His comments were a bit enlightening, to say the least, which you can appreciate.
According to “Instructor George”, Factory 4- Piston, and even those Hi-Zoot 4- & 6- piston Aftermarket System calipers also experience Accelerated Inner Pad Wear.
This issue is apparently not exclusive to Single Piston calipers, though it seems that it is More Pronounced with a Single Piston system.
His experience is that, with a Single Piston Caliper System, the inner pad gets the “Hit” a bit before the outer pads, and that the clamping pressures are rarely ever Equalized between them during Normal Braking, though Performance Braking does not exhibit this odd wear pattern.

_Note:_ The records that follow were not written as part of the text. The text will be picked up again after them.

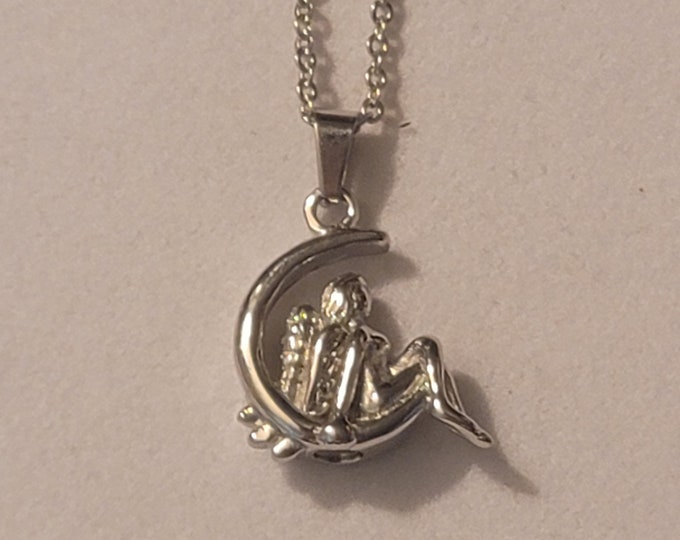 Silver Fairy on the Moon Cremation Urn Necklace, For Human Remains, Cremation Jewelry, Fairy Urn, Memorial Necklace, Nevada For Ashes, Gift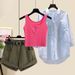 Women’s Clothing Summer Suits For Women New Style Retro Vest Western Style Sun Protection Shirt Denim Shorts Three Piece Suit_ecoleips.com
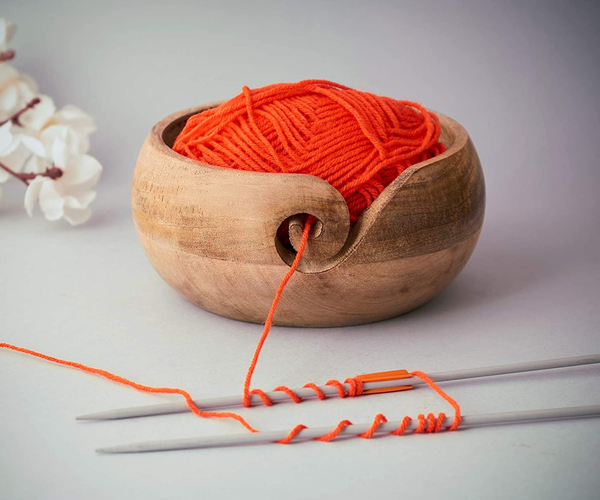 Wood Knitting Bowl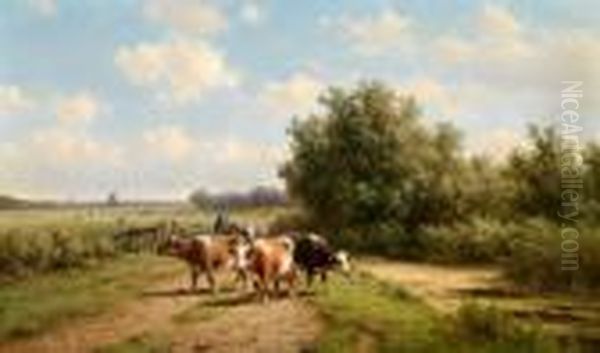 Kuhe Am Heimweg Oil Painting by Willem Vester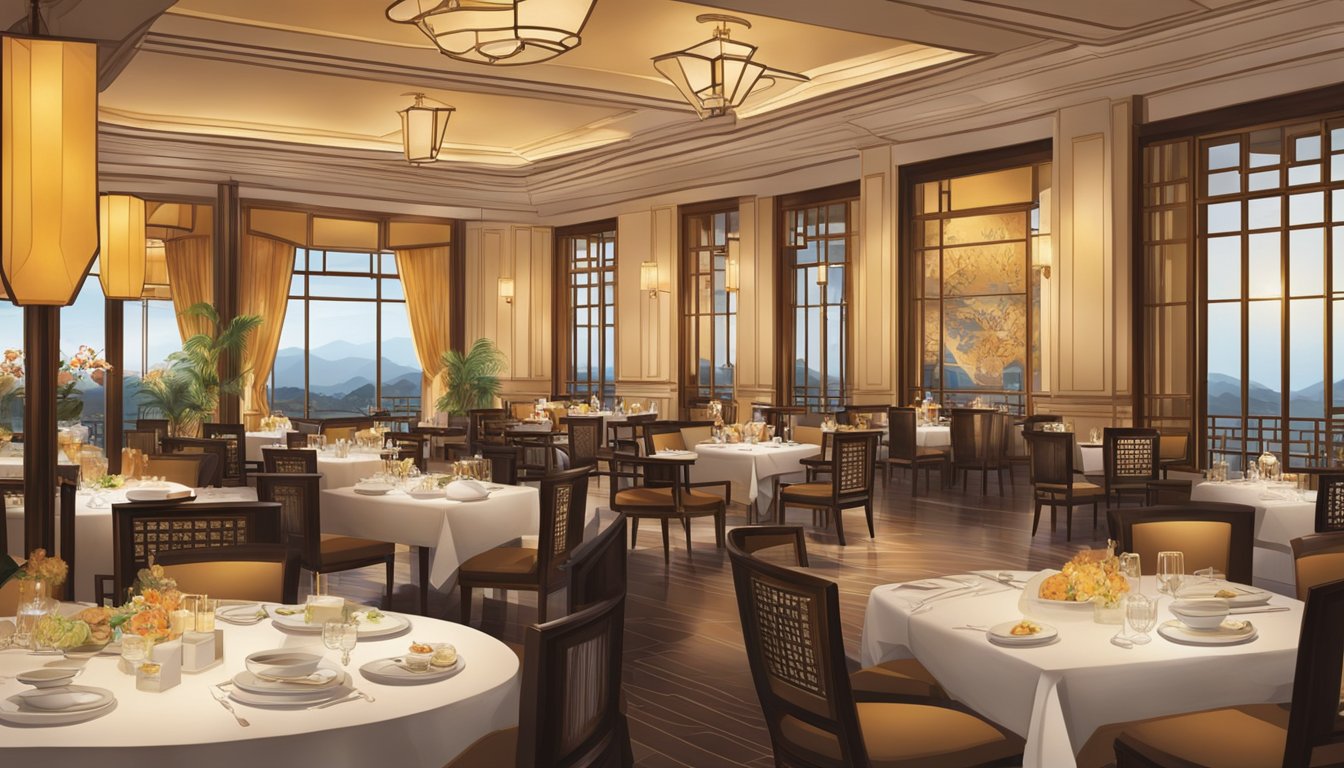 The elegant Ritz Carlton Chinese restaurant buzzes with diners enjoying traditional cuisine in a sophisticated ambiance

So, as to the “Why” of it all...
1. With Rear Wheel Drive cars, with accessible front wheel bearings, this is usually caused by Improper Bearing Torques, though most folks “think” they did a proper Pre-Load torque on these front wheel bearings.
George says that for smaller GM cars with 10.5” to 11” rotors, like Chevelles, Novas, and perhaps even your Poncho Wagon, et. al. after packing the bearings, they should be Torqued with a Reliable and Calibrated (which I do yearly) “Clicker” Torque wrench, to 13 to 15 Lb Ft while turning the rotor by hand, and it will be Stiff, but stay with me.
Then he says to back off the nut 2 turns, all while turning the rotor, and set the Pre Load to 5 to 6 Lb Ft for smaller GM cars, and 7 to 8 Lb Ft for larger GM cars with the “Clicker” torque wrench, again, all while turning the rotors by hand.
Note that most shop manuals say to place the Nut’s Cotter Pin’s Slotted Retainer where the cotter pin will almost align with the spindle’s hole, and Back Off the nut for the cotter pin to fit.
Well, George says that No Matter What, the Pre Load should Never go Below the recommended Minimum Pre Load Torque.
He says it is better to get that slotted retainer to Almost Exactly Match the cotter pin’s hole, even if you must Ever So Slightly Tighten the preload nut, so that you Never Go Below Minimum 5 Lb Ft preload on smaller GM’s, and 7 Lb Ft Minimum for larger GM’s"
Odd? Yep, I’ll say. But, Timken-Style Tapered Bearings are Designed to Run Hot and with a Lot of Preload. Very, very interesting. I will need to check my bearings again and adjust accordingly.